INFORMATION SUPPLIED —
━━━━━━━━━━━━━━━━
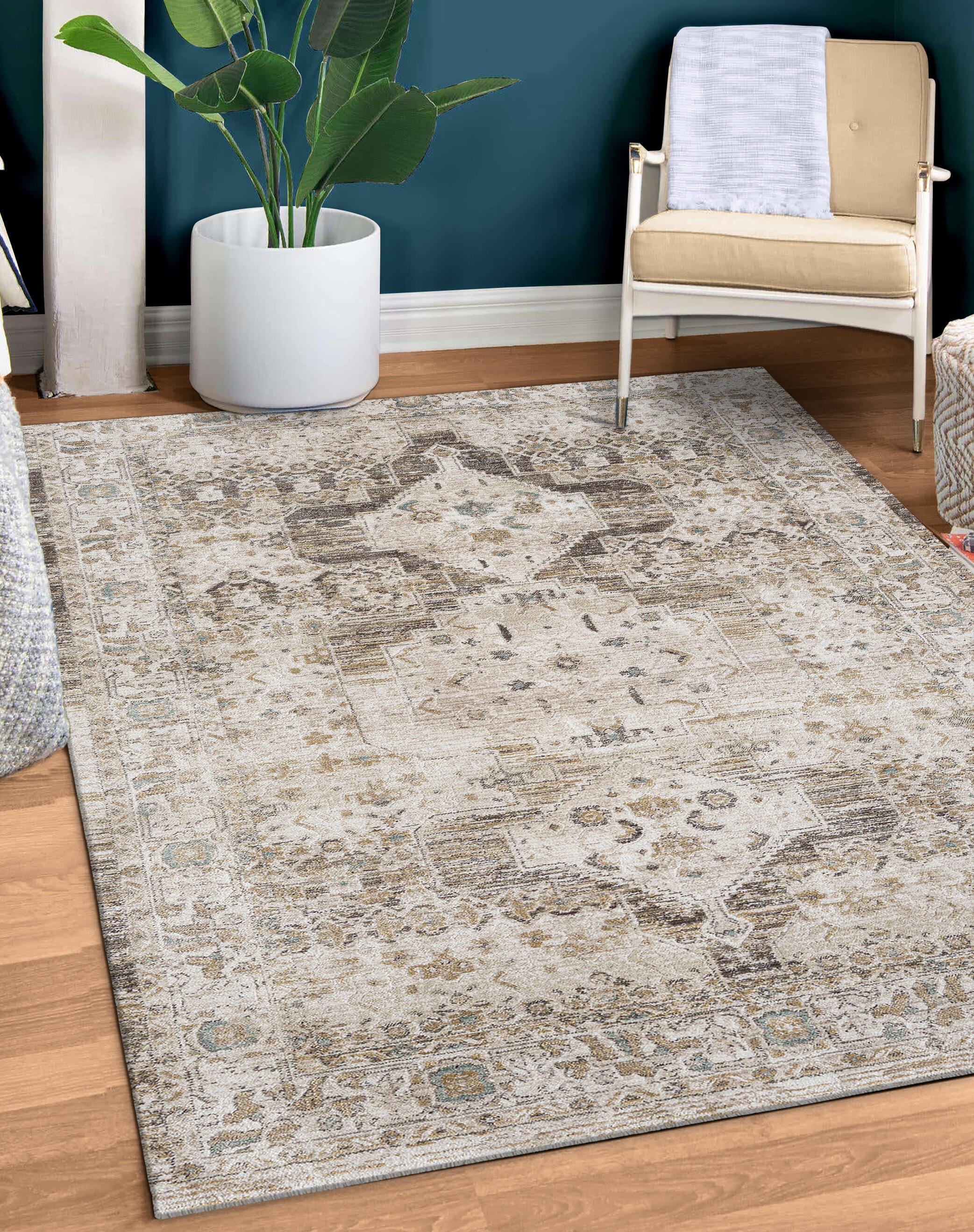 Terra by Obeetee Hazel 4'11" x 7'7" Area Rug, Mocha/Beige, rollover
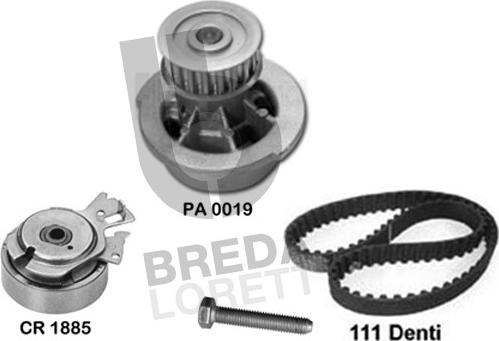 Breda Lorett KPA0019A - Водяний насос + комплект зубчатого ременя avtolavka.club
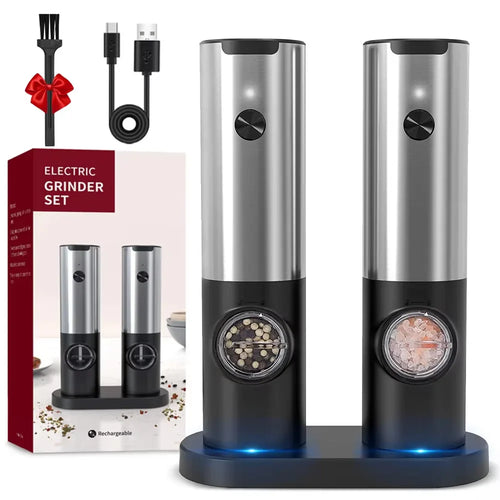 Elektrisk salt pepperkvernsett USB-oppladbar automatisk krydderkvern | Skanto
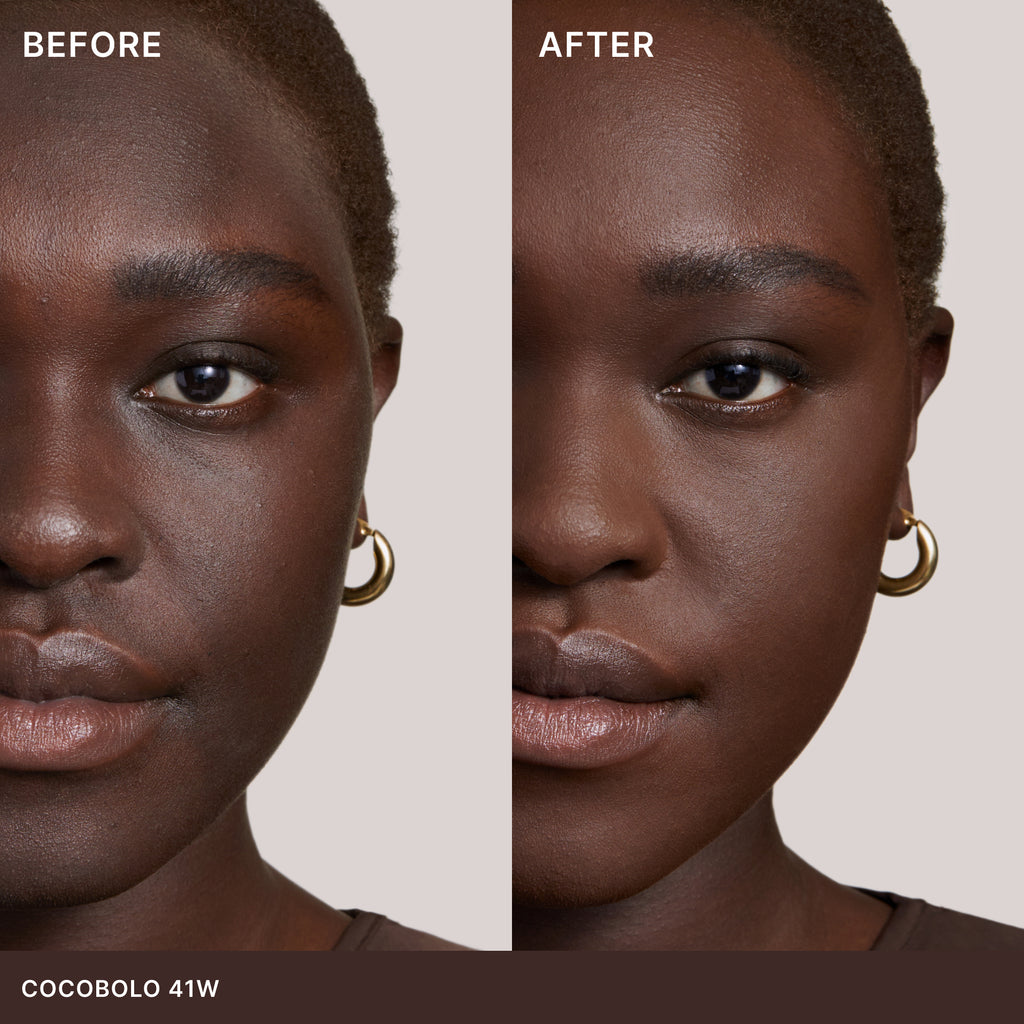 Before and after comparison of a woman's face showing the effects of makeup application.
━━━━━━━━━━━━━━━━
WORK REQUEST — Print, exactly and only, the lines running from the line with "Breda Lorett KPA0019A" through the last line of the data, including both. Skip any picture.

SOLVED EXERCISE —
 Breda Lorett KPA0019A - Водяний насос + комплект зубчатого ременя avtolavka.club
 Elektrisk salt pepperkvernsett USB-oppladbar automatisk krydderkvern | Skanto
 Before and after comparison of a woman's face showing the effects of makeup application.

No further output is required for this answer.